Work order
Reproduce every record below word for word and include no pictures.

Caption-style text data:
================================
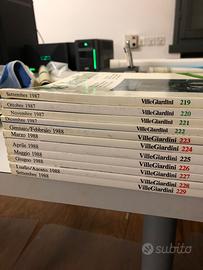 Riviste Ville e Giardini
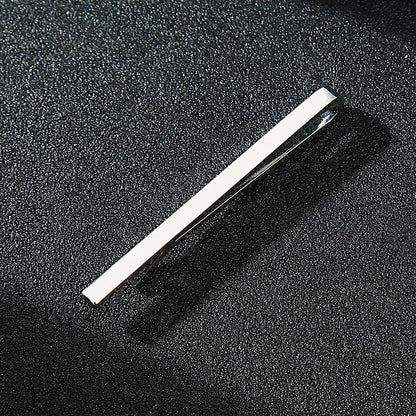 Men's simple fashionable tie clip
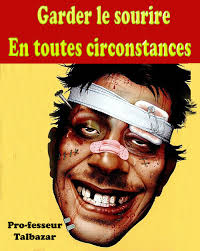 La moyenne Encyclopédie du pro-fesseur Talbazar.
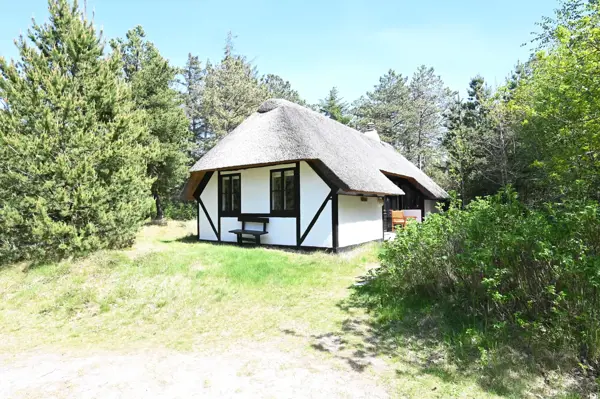 Ferienhaus 2115 in Vester Husby / Ulfborg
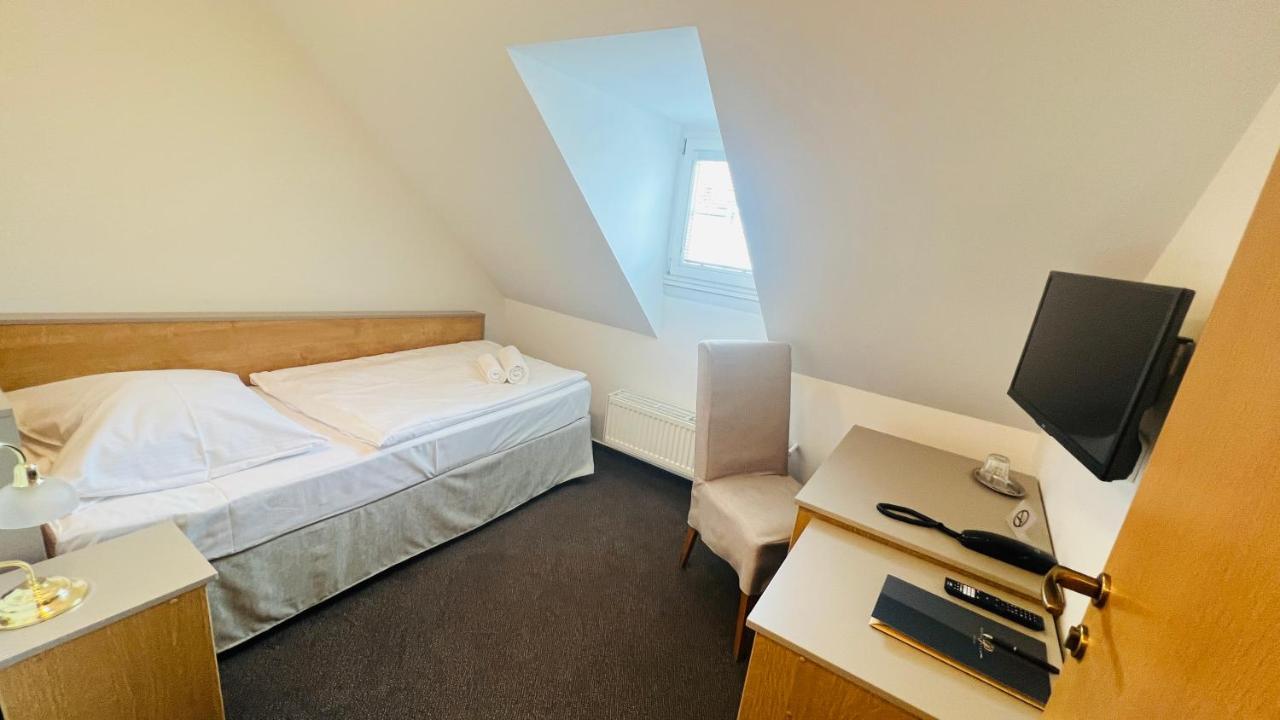 Hotel Payer 테플리체 외부 사진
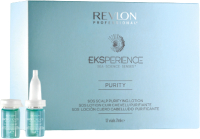 Лосьон для волос Revlon Professional Eksperience Purifuing Lotion Очищающий (12x7мл) - 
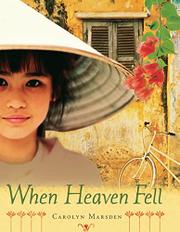 Cover art for WHEN HEAVEN FELL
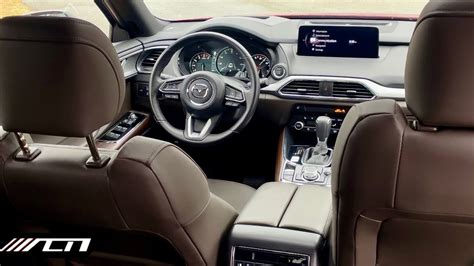 Mazda Cx 9 Interior Features - Home Alqu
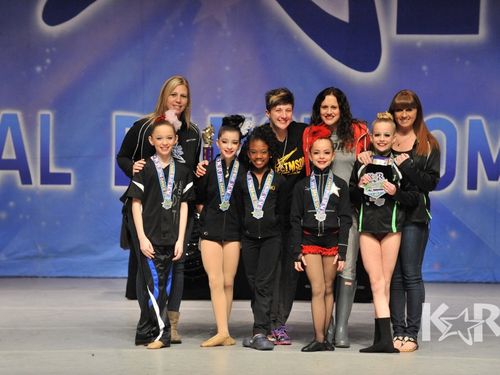 Detroit, MI - 3/18/2016 - Awards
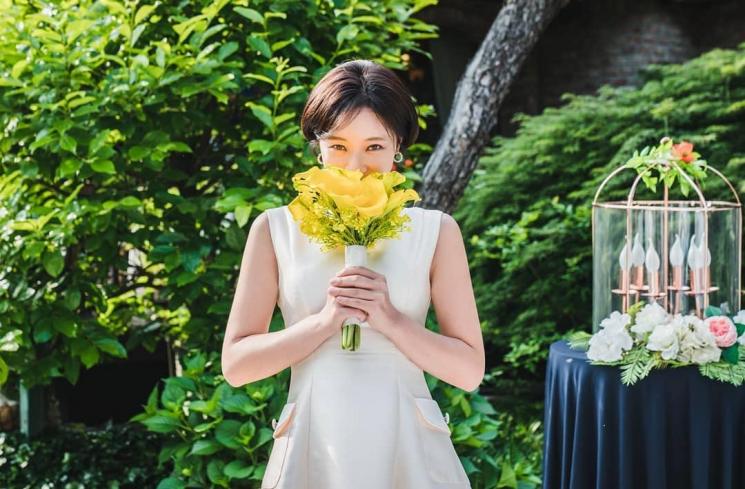 Hwang Jung Eum (Instagram/@jungeum84)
================================
Result for this exercise
 Riviste Ville e Giardini
 Men's simple fashionable tie clip
 La moyenne Encyclopédie du pro-fesseur Talbazar.
 Ferienhaus 2115 in Vester Husby / Ulfborg
 Hotel Payer 테플리체 외부 사진
 Лосьон для волос Revlon Professional Eksperience Purifuing Lotion Очищающий (12x7мл) - 
 Cover art for WHEN HEAVEN FELL
 Mazda Cx 9 Interior Features - Home Alqu
 Detroit, MI - 3/18/2016 - Awards
 Hwang Jung Eum (Instagram/@jungeum84)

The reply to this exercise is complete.